■ **SOURCE DATA**
• • •

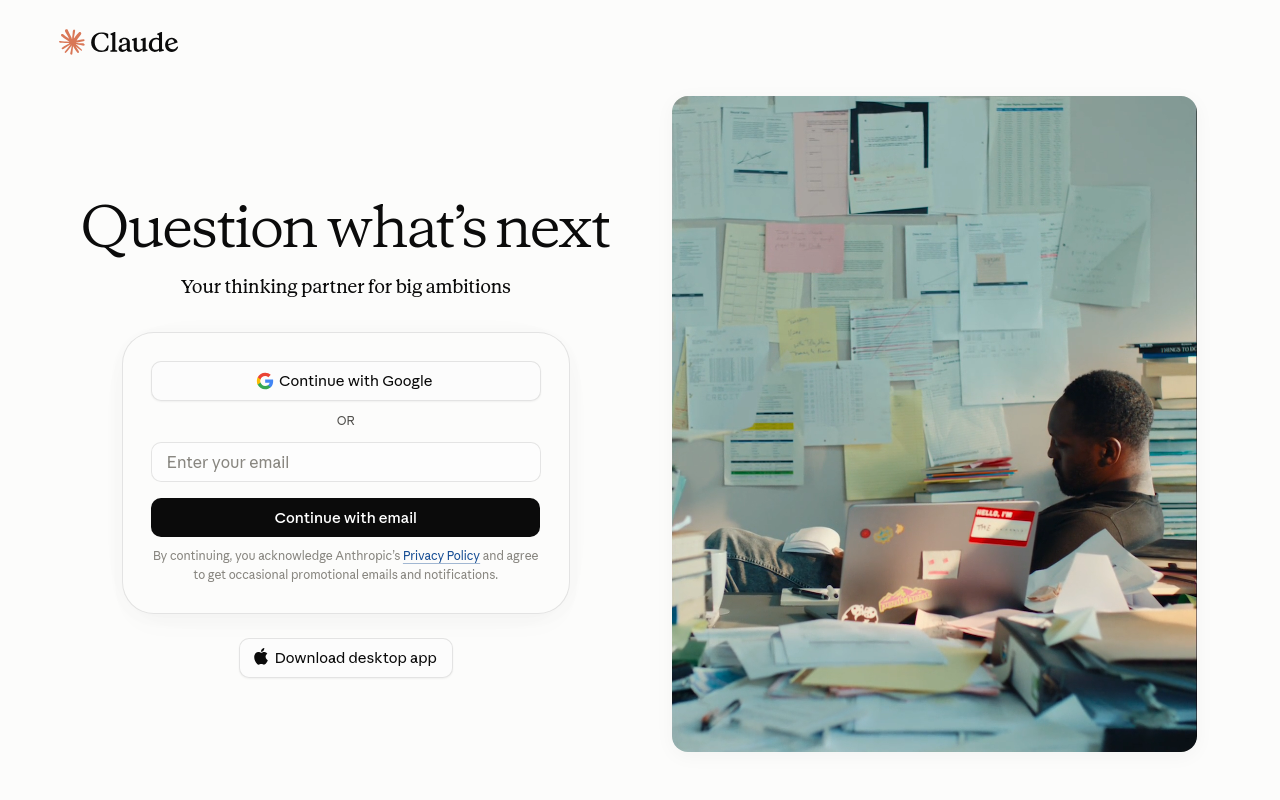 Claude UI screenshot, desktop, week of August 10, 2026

• • •

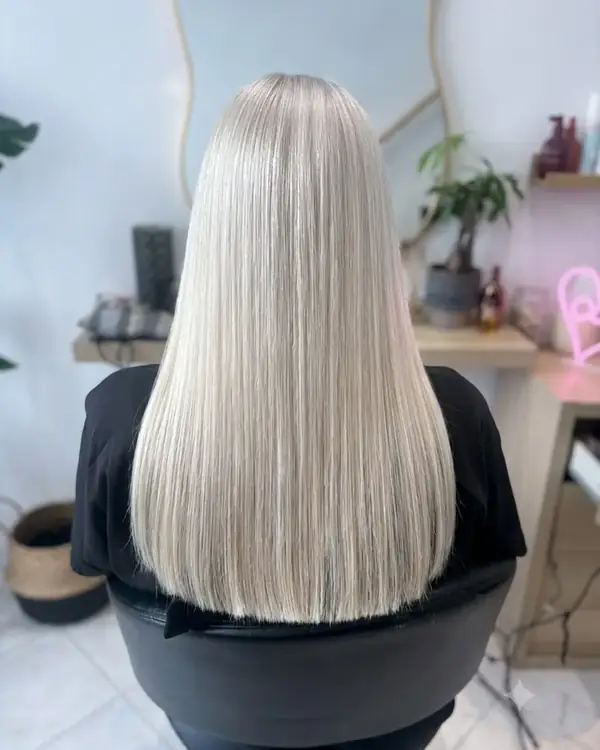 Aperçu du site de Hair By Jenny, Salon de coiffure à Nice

• • •

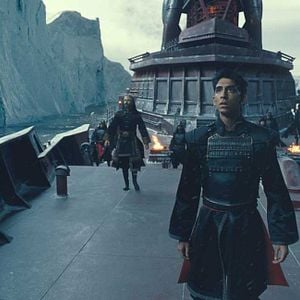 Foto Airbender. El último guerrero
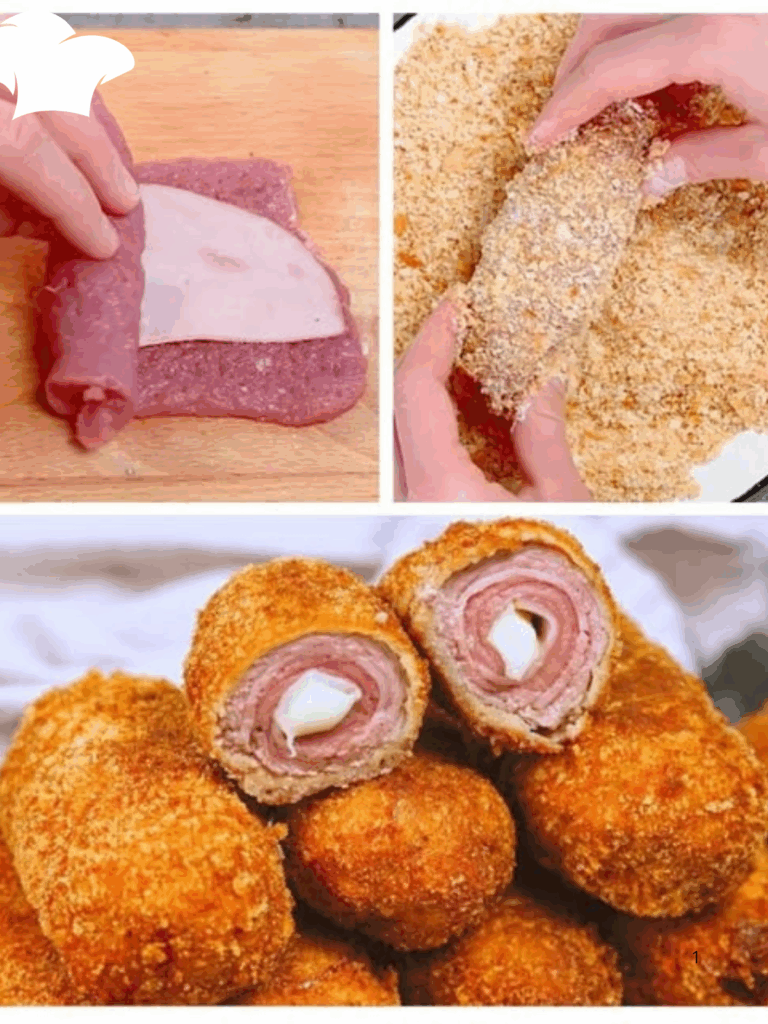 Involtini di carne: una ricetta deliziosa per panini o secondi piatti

• • •

■ **EXERCISE AIM**
Beginning at the line above that contains "Foto Airbender. El último guerrero" and going on through the line that contains "Involtini di carne: una", please copy every line exactly, leaving the pictures out and adding nothing.

■ **ANSWER FOR THIS EXERCISE**
 Foto Airbender. El último guerrero
 Involtini di carne: una ricetta deliziosa per panini o secondi piatti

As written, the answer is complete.